TRY IT: Pick every line from the data that holds the word "Down".

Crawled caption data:

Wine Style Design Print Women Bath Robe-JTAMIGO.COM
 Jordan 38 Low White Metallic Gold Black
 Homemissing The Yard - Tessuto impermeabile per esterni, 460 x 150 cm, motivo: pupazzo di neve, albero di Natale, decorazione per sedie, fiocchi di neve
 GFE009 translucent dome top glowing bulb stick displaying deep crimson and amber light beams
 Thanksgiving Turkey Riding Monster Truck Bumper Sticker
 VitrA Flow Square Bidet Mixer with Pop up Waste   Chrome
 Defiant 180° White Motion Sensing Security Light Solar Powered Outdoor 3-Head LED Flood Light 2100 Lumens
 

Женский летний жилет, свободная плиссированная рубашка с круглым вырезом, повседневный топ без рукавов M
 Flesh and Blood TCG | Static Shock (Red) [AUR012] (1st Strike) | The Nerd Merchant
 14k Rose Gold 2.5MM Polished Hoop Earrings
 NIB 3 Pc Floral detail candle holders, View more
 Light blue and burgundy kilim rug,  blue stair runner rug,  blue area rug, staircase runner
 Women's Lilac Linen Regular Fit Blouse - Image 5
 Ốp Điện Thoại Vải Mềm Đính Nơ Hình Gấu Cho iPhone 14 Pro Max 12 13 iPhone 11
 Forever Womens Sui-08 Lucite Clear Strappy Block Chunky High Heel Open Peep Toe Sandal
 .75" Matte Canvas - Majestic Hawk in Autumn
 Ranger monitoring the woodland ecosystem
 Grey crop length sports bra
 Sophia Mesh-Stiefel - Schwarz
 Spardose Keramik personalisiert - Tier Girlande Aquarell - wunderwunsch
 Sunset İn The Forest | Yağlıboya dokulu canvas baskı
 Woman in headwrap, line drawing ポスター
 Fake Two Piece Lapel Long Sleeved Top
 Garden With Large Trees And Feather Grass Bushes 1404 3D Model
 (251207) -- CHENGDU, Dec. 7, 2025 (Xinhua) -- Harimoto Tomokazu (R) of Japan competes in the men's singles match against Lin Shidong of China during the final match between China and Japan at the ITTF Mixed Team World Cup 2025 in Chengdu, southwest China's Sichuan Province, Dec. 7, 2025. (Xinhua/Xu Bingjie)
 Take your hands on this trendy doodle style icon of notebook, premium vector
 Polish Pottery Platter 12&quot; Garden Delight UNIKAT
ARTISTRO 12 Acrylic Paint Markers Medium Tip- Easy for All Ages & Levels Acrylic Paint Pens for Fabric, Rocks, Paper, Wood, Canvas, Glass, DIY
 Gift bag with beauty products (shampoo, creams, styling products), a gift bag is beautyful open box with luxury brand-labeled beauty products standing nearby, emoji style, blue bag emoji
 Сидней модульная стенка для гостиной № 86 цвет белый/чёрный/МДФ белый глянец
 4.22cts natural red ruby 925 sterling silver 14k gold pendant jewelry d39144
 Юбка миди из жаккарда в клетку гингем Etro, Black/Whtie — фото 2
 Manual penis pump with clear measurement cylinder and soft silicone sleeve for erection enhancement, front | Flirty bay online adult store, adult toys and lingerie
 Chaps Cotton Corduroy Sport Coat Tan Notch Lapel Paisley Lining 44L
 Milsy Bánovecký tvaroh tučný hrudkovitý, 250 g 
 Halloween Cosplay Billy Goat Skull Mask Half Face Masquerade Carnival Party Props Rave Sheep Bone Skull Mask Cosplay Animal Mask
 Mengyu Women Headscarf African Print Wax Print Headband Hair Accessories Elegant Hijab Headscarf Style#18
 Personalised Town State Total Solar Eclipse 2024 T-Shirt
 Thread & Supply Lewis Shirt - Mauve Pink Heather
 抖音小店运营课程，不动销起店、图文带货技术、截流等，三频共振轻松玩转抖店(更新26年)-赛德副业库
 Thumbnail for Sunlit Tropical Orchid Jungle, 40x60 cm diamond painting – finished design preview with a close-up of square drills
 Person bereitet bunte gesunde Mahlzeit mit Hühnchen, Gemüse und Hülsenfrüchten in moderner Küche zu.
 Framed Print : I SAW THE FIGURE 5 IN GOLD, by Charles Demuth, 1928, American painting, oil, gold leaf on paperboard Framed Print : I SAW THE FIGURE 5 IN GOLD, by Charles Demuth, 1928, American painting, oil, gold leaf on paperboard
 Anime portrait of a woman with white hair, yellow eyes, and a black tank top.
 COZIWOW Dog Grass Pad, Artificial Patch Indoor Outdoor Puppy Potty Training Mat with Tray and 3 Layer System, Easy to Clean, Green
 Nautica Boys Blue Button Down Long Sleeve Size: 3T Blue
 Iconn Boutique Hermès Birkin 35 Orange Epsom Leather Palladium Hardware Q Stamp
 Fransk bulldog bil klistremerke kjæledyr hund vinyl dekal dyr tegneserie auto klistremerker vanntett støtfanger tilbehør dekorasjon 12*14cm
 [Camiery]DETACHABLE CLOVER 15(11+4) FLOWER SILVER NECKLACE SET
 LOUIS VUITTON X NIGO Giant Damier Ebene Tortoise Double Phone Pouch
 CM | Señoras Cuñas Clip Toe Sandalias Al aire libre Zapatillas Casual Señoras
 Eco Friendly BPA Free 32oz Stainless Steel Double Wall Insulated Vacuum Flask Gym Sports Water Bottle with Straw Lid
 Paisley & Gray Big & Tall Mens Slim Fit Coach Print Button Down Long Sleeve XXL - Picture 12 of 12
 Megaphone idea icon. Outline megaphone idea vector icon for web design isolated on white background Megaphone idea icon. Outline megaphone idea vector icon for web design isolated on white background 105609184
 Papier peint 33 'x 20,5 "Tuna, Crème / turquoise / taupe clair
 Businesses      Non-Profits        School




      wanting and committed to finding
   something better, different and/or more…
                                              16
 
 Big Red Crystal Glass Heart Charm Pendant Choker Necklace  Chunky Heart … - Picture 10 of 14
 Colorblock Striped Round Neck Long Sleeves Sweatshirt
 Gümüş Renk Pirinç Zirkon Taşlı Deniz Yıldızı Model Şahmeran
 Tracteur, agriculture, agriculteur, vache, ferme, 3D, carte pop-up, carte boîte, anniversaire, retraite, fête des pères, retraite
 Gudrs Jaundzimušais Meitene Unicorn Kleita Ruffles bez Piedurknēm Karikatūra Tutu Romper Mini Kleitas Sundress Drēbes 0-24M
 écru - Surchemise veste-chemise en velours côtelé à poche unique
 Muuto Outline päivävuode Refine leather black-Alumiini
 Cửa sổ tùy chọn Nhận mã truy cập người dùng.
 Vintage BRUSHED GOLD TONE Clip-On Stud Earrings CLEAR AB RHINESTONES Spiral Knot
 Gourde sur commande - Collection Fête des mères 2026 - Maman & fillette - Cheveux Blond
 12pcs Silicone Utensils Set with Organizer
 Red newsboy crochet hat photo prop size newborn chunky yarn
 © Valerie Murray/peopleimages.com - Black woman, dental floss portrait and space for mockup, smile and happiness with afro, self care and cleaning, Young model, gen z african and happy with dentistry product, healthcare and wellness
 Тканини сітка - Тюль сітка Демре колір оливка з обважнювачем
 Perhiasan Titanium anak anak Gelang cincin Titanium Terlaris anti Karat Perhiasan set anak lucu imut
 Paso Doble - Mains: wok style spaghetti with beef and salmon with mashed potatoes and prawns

WRITTEN REPLY:
 Nautica Boys Blue Button Down Long Sleeve Size: 3T Blue
 Paisley & Gray Big & Tall Mens Slim Fit Coach Print Button Down Long Sleeve XXL - Picture 12 of 12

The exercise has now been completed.